- What you will do
Apart from the pictures, the listing is to be returned exactly.

- Given entries

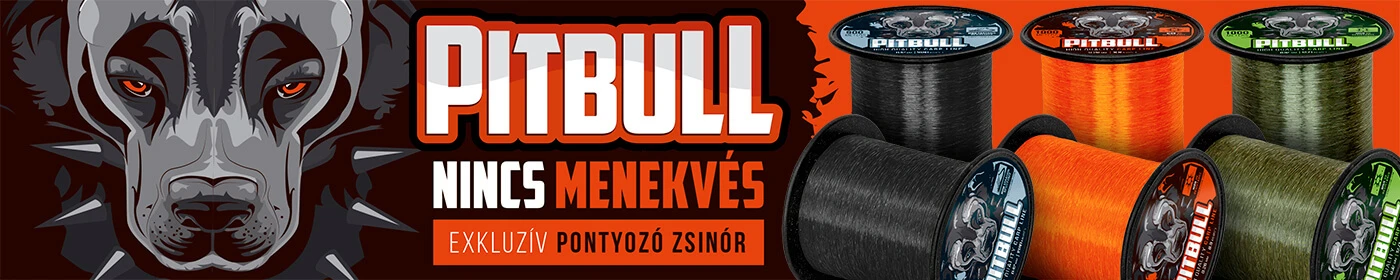 PitBull pontyozó zsinór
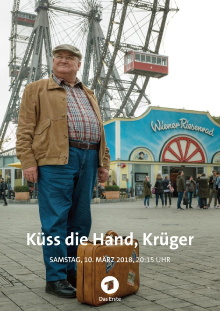 Küss die Hand, Krüger Trailer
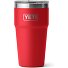  Rambler Drinkbeker 591 ml variant rescue red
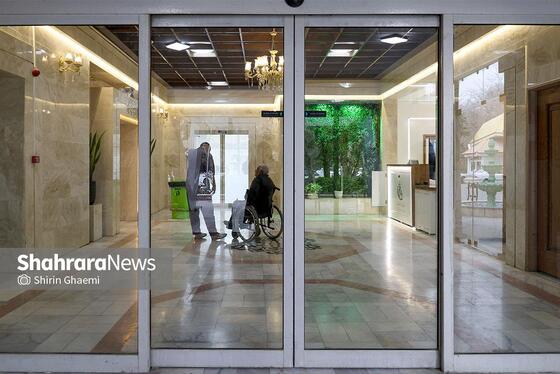 گزارش تصویری | روز جانباز در آسایشگاه جانبازان قطع نخاعی امام‌خمینی(ره) مشهد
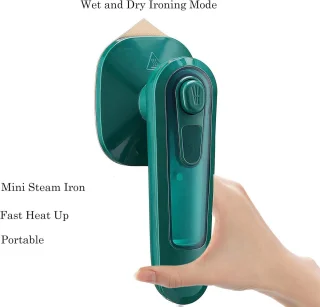 Mini Reis Stoomstrijkijzer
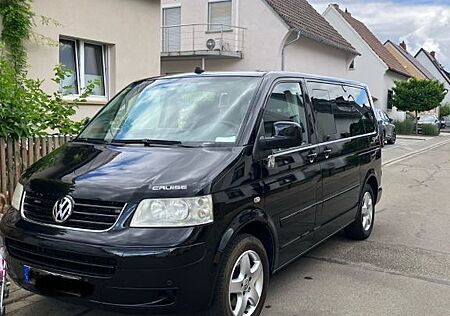 VW T5 Multivan Volkswagen Cruise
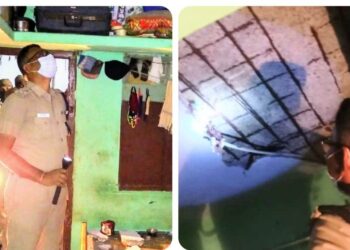 தூத்துக்குடியில் துயரம் மேற்கூரை இடிந்து விழுந்து இளம்பெண் பலி! எஸ்.பி. ஜெயக்குமார் நேரில் சென்று விசாரணை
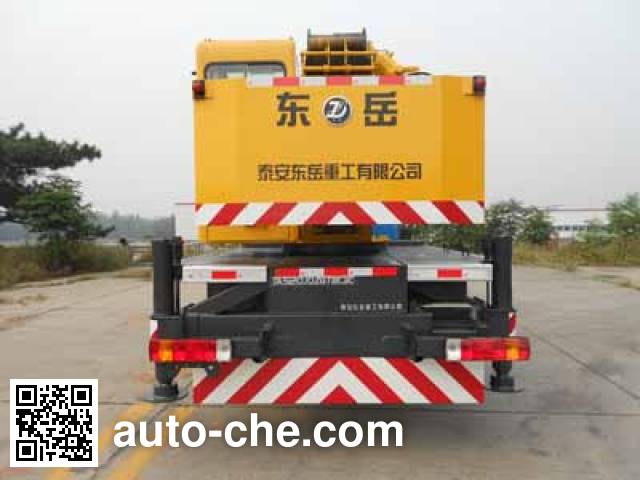 Dongyue TA5120JQZGT8C3C truck crane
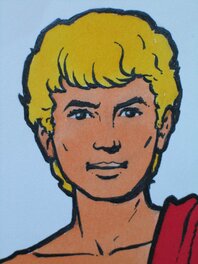 Très gros plan visage Très gros plan visage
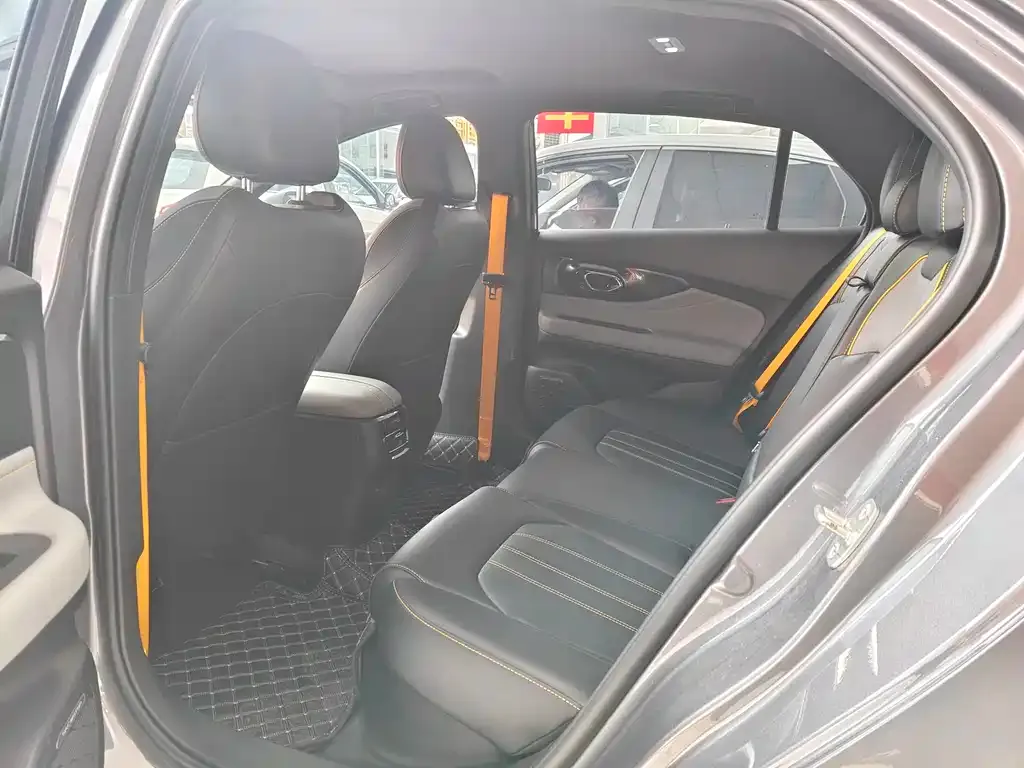 GAC Motor Shadow Leopard 2022 из CN, фото 4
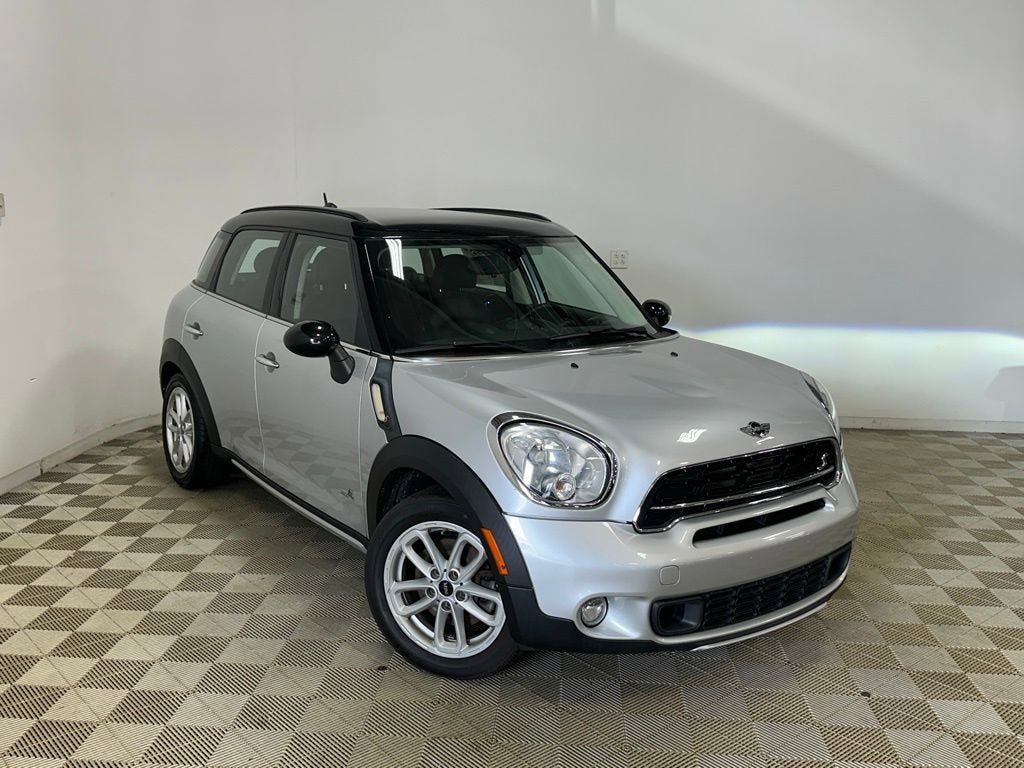 2015 MINI Countryman Cooper S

- Solution
 PitBull pontyozó zsinór
 Küss die Hand, Krüger Trailer
  Rambler Drinkbeker 591 ml variant rescue red
 گزارش تصویری | روز جانباز در آسایشگاه جانبازان قطع نخاعی امام‌خمینی(ره) مشهد
 Mini Reis Stoomstrijkijzer
 VW T5 Multivan Volkswagen Cruise
 தூத்துக்குடியில் துயரம் மேற்கூரை இடிந்து விழுந்து இளம்பெண் பலி! எஸ்.பி. ஜெயக்குமார் நேரில் சென்று விசாரணை
 Dongyue TA5120JQZGT8C3C truck crane
 Très gros plan visage Très gros plan visage
 GAC Motor Shadow Leopard 2022 из CN, фото 4
 2015 MINI Countryman Cooper S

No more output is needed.